-- Material shown --
|---|
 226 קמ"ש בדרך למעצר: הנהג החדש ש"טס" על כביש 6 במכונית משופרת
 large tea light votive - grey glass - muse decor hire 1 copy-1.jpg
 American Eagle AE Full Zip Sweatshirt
|---|
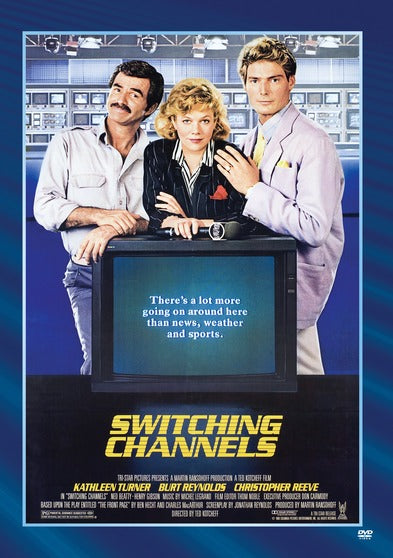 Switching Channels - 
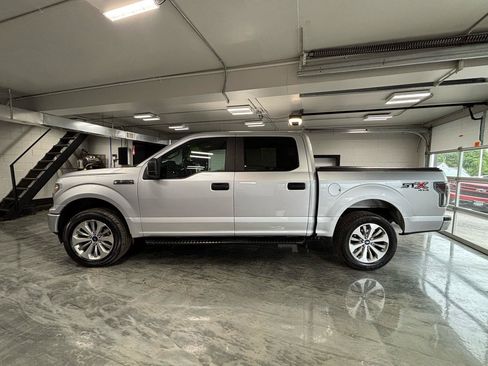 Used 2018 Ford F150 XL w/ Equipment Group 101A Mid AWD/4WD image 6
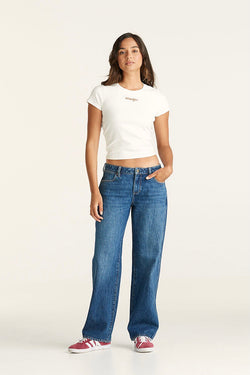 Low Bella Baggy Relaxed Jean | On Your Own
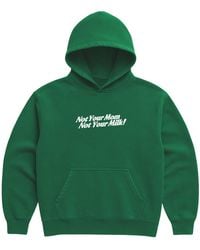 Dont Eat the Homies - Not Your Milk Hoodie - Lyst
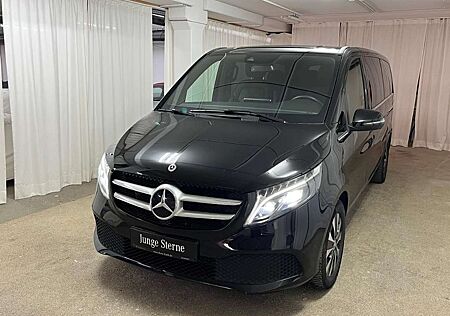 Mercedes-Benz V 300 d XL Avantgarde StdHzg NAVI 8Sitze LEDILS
|---|
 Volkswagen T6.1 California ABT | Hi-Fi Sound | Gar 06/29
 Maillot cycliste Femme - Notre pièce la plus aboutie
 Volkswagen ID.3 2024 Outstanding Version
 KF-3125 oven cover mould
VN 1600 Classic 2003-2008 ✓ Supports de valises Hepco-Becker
|---|
Scan the material for the word "Volkswagen". Return every line where it is found.

 Volkswagen T6.1 California ABT | Hi-Fi Sound | Gar 06/29
 Volkswagen ID.3 2024 Outstanding Version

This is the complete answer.